Oftentimes geography is taught almost as a series of case studies rather than a discipline with consistent rules and their application. In textbooks, in studies of physical geography, chapters are dedicated to covering a particular area or some fairly specific phenomenon like orographic rainfall (which happens when moist air hits mountains). This leaves the student with a wealth of somewhat unrelated facts, but without a set of usable principles to allow them to predict outcomes given certain amounts of information. It might be more beneficial to students if the curriculum designers who create the textbooks and unit studies in geography adopted a Direct Instruction approach to teaching the application of general principles of geography.

What is this Direct Instruction

Direct Instruction is an instructional design methodology developed by Siegfried Engelmann and his many colleagues at the University of Oregon during the past 40 years. Direct Instruction demonstrated itself to be the most effective teaching method in the largest, most expensive, comparative, educational research study ever done-the Follow Through Study. This one method led all others in the teaching of reading, math, spelling, and language skills to children who were at risk of school failure. It did so with such dominance that the National Office of Education refused to believe the results and redid the entire experiment. The results of several replications were equally consistent in their support of Direct Instruction as the world's most potent teaching method. Despite these towering and repeated successes, Direct Instruction, known as DI to its users, has never been widely taught to teachers or adopted by public schools. Currently there are approximately 50 Direct Instruction programs to cover reading, reading comprehension, math, spelling, writing, language development and cursive writing. Unfortunately they are published by McGraw-Hill and are difficult, if not impossible, to order as homeschooling parents.

The DI Difference

Direct Instruction derives its power from its design. That design attempts to isolate laws or rules about a particular phenomenon. It then teaches those laws or rules to the student explicitly and demands that the student be able to repeat the laws or rules verbatim.

Once the rule has been teased out of the information, the student is systematically presented with a range of examples that demonstrate the rule and another range of examples that demonstrate the conditions under which the rule does not apply. Having seen where the rule applies and also the conditions under which it does not apply, the student then learns to discriminate between examples of the rule and non-examples of the rule. Part of the power of this method is that it allows the student to accurately deal with a wide range of examples and non-examples that were not part of the teaching set, because they can apply the rule and be reasonably certain of getting it right. The rule usually is sufficiently general to cover most examples. That leaves only a small set of exceptions that will have to be taught separately.

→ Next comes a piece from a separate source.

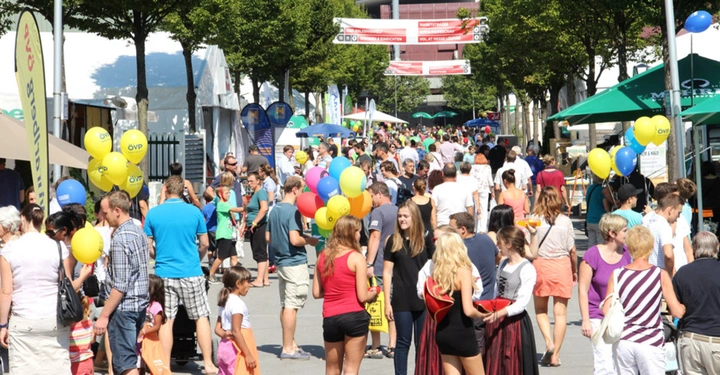 Menschenmenge spaziert auf einer breiten Straße bei einer Veranstaltung. Viele tragen bunte Luftballons mit der Aufschrift ÖVP. Umgeben von Informationsständen und grünen Bäumen. Banner im Hintergrund.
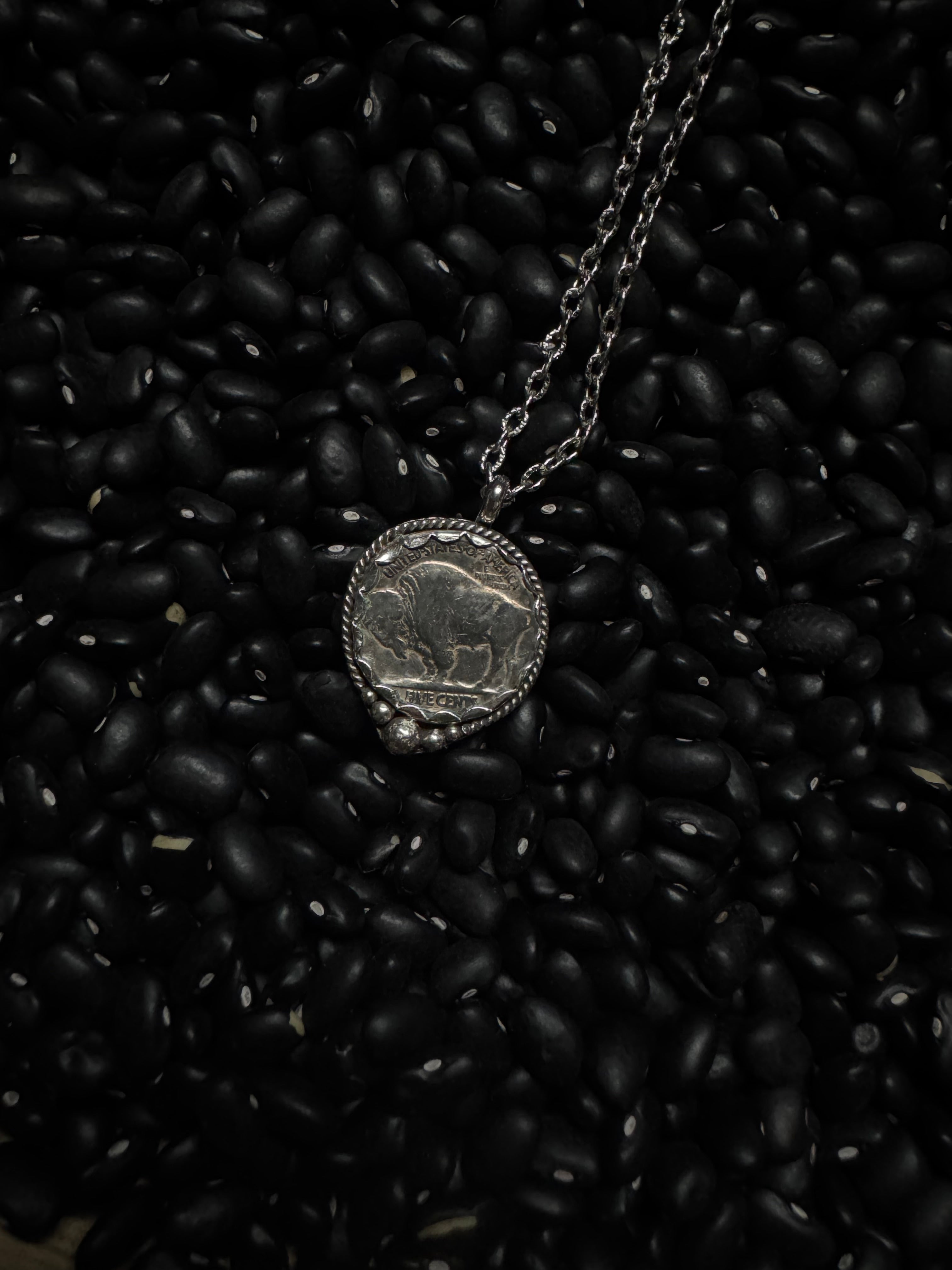 Buffalo pendant tales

Direct Instruction and Geography

How could we apply the DI method to the teaching of geography?

First we would have to isolate the rules or laws that pertain to various phenomena. Let's look at one example.

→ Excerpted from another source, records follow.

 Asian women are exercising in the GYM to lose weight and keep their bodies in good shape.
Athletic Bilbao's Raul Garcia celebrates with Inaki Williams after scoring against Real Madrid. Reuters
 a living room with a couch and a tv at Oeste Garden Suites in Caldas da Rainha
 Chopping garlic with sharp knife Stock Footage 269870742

If we were to take the concept of orographic rainfall, we would need to isolate several rules and principles.

First, orographic rainfall only relates to precipitation that results from moisture rising over landforms. If the landform is high enough, it forces the clouds to a height where the temperature drops sufficiently to cause condensation and its resulting precipitation. We would need to know the height of the cliffs or mountains, and its base temperature for that period of time. Since we also know that temperatures drop about 3 degrees for each 1000 feet of altitude, we could begin to determine the altitude at which condensation would occur at various times of the year. The condensation would occur at higher levels in the summer than in the winter. The amounts and even the type of condensation would change as a result of these fluctuations in temperatures from one season to the next.

If we added to that information the direction of the prevailing winds, we could then predict which side of the mountain will be the windward side which receives most of the rainfall, and which would be the leeward side of the mountains which would be in the rainshadow and receive relatively little rainfall.

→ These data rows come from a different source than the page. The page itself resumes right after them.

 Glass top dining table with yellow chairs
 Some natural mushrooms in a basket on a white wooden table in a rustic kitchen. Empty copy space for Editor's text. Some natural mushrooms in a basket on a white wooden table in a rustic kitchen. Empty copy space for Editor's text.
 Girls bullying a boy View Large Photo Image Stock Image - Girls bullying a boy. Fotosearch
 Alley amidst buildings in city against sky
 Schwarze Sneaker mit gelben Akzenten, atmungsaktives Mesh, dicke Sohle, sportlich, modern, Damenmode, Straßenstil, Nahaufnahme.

Given this information we can apply these principles to any set of mountains in the world and make fairly accurate predictions about a number of other phenomenon.

An Example

The Rocky Mountains of the United States are a good example of orographic rainfall. The predominant winds blow from across the Pacific, where they pick up lots of moisture. As they rise over the Rockies, they meet cooler air, condense, and leave a trail of moisture. Having lost most of their moisture in the climb over the mountains, there is little left for the areas beyond the Eastern slopes of this mountain range. As a result, there is a large area of desert and semi-desert on the eastern side of the mountains.

Knowing the prevailing winds, the height of the mountains and the base seasonal temperatures, we can make predictions about any area where orographic rainfall plays a role in the weather.

If we look further north to the Canadian Rockies, we see exactly the same pattern as we do with the American Rockies. These principles provide a general case about orographic rainfall that can be applied universally.

Using the General Case

If we look at the Atlas Mountains of North Africa with their prevailing westerly winds coming from the Atlantic Ocean, it is easy to determine that the northern and western slopes are to windward and the southern and eastern slopes are in the leeward rainshadow. The major cities of these countries are all located on the windward side of this range. The huge Sahara desert spreads out below these mountains. The effects on the peoples living on either side of these mountains is quite dramatic, largely because of the amount of rainfall each receives.

Once we can determine those effects, it becomes easier to understand other aspects of the cultural and economic geography in those regions. We could more easily predict which areas will be used for farming and which might be used for herding of animals, which peoples are settled and which are nomadic. Such information might help explain which areas will suffer drought and which may be threatened by flood. The source and flow of rivers from these mountains will also be affected by their windward or leeward position. The extent to which having sufficient water to serve large numbers of people will affect settlement patterns or the lack of settlements.

Direct Instruction, as an instructional design methodology, helps to put the pieces together so that they can be used to explain a wider range of examples. Almost any discipline would be more easily learned by students if these principles were taught explicitly using a variety of examples that demonstrate them and non-examples that show when one or more of the principles are absent.